Work order → Go through the listing below and repeat it exactly, omitting each picture.

Listed entries →
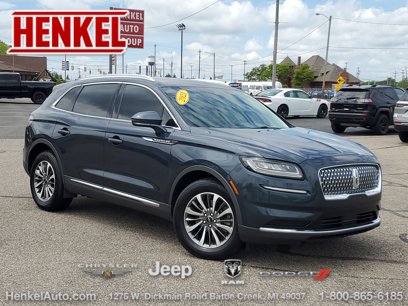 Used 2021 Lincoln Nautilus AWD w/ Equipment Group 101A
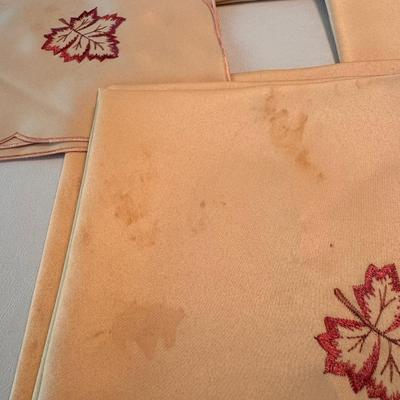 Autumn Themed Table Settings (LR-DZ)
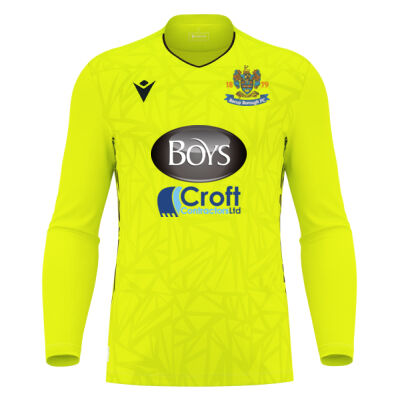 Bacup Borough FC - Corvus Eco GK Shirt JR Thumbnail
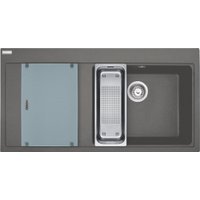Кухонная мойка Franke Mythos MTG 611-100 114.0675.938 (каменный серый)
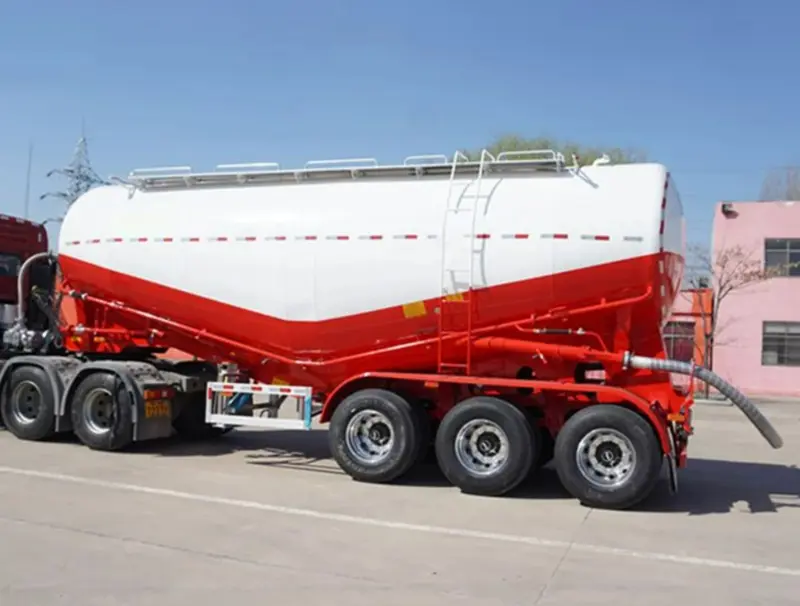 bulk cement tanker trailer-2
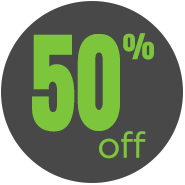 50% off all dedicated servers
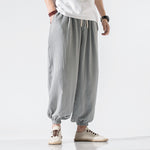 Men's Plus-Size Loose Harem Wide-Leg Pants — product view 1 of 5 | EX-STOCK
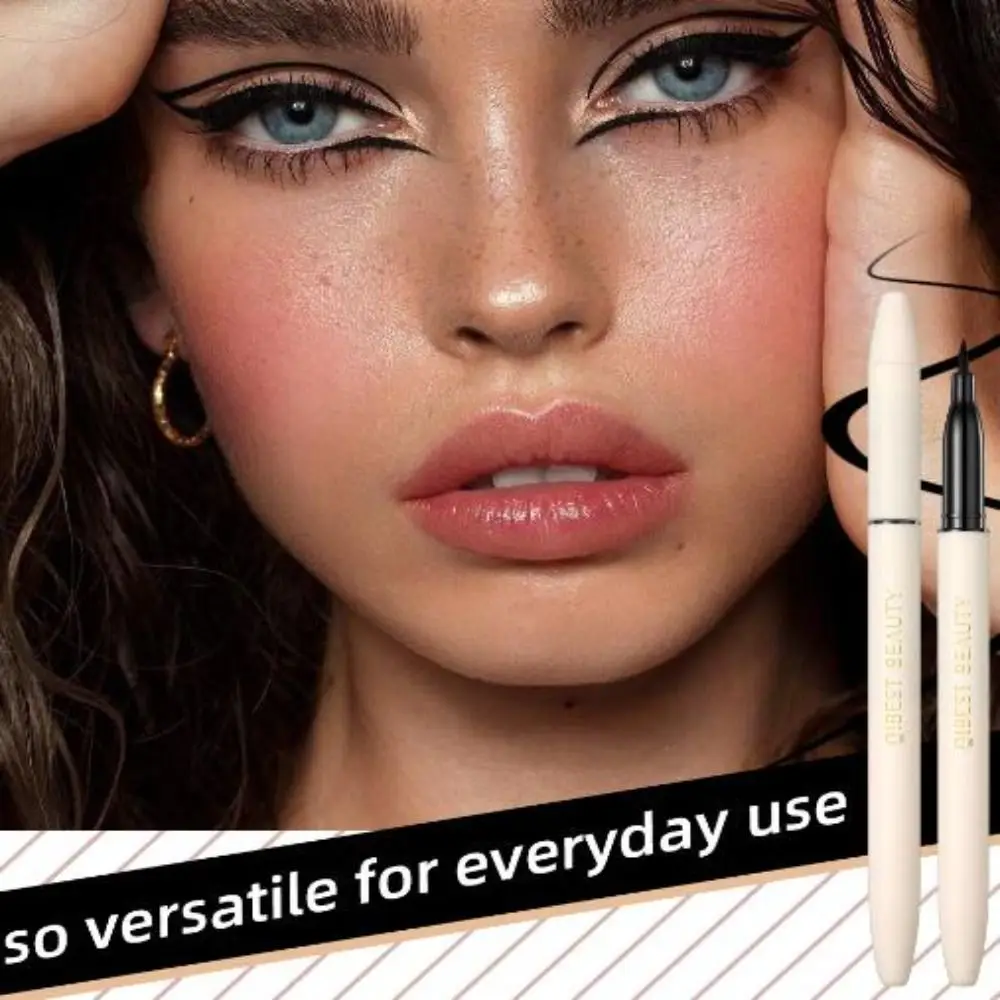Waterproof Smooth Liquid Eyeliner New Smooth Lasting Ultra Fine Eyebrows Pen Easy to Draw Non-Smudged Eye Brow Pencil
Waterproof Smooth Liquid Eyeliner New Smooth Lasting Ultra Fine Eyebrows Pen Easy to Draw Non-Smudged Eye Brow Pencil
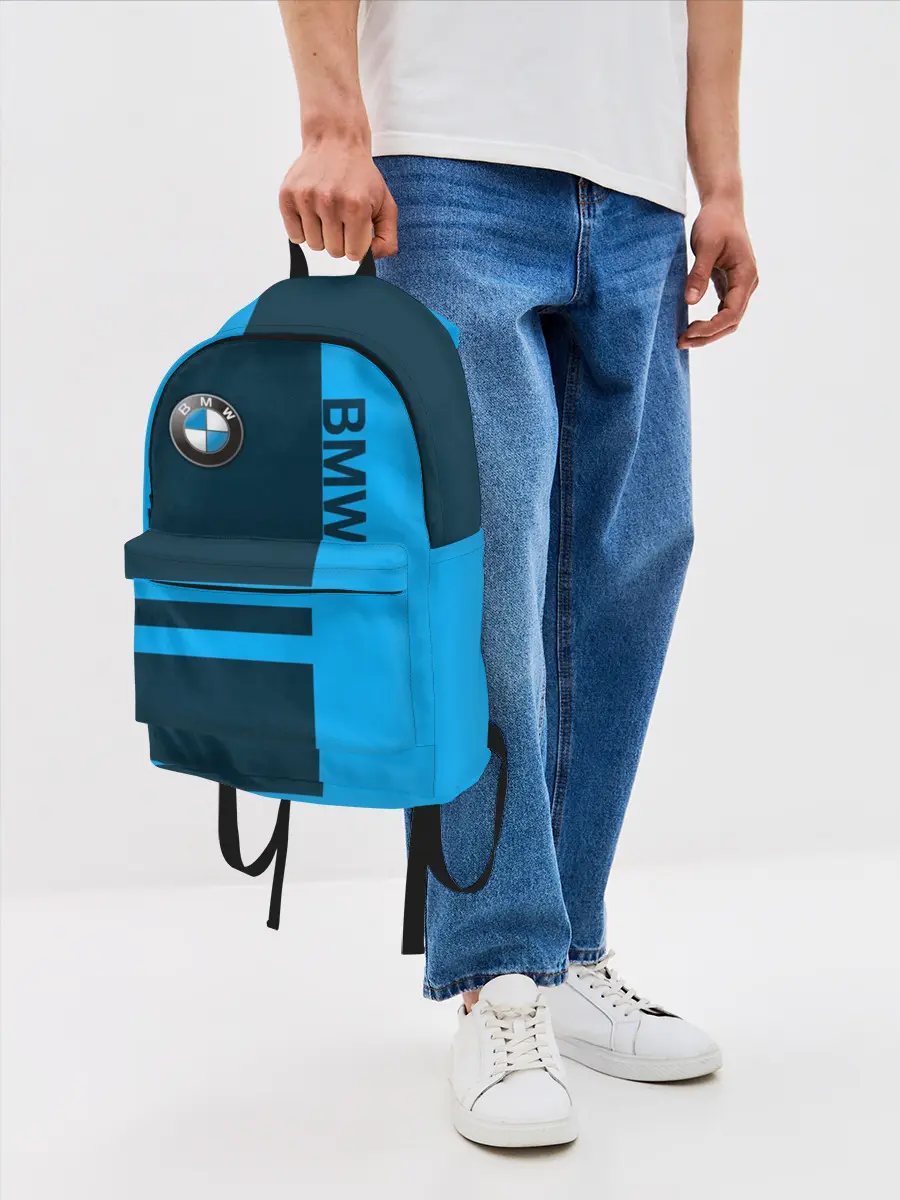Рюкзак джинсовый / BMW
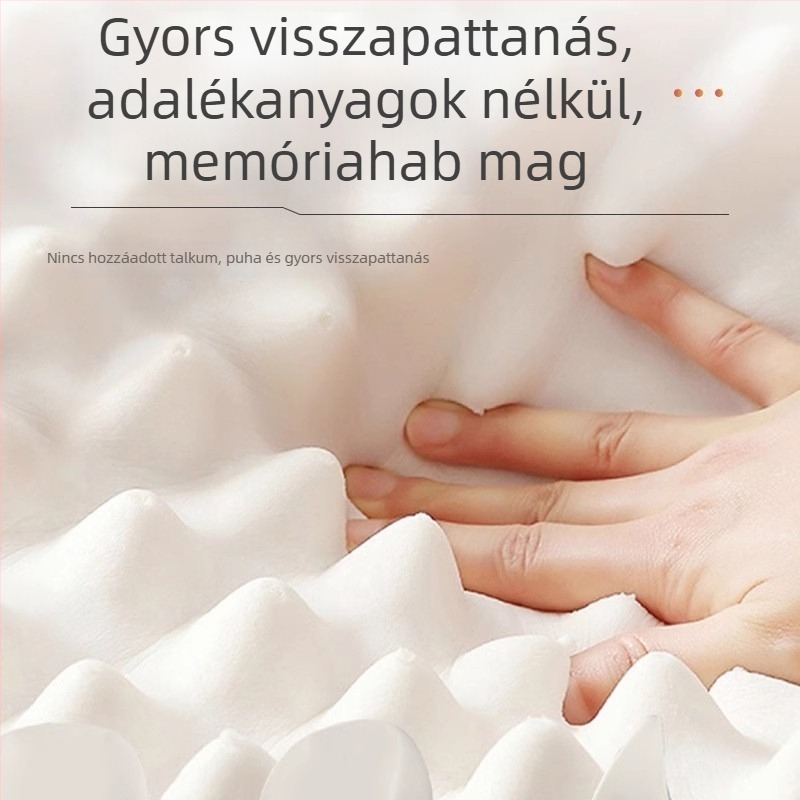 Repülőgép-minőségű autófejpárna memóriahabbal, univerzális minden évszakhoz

Solution to this problem →
 Used 2021 Lincoln Nautilus AWD w/ Equipment Group 101A
 Autumn Themed Table Settings (LR-DZ)
 Bacup Borough FC - Corvus Eco GK Shirt JR Thumbnail
Кухонная мойка Franke Mythos MTG 611-100 114.0675.938 (каменный серый)
 bulk cement tanker trailer-2
 50% off all dedicated servers
 Men's Plus-Size Loose Harem Wide-Leg Pants — product view 1 of 5 | EX-STOCK
Waterproof Smooth Liquid Eyeliner New Smooth Lasting Ultra Fine Eyebrows Pen Easy to Draw Non-Smudged Eye Brow Pencil
Waterproof Smooth Liquid Eyeliner New Smooth Lasting Ultra Fine Eyebrows Pen Easy to Draw Non-Smudged Eye Brow Pencil
Рюкзак джинсовый / BMW
 Repülőgép-minőségű autófejpárna memóriahabbal, univerzális minden évszakhoz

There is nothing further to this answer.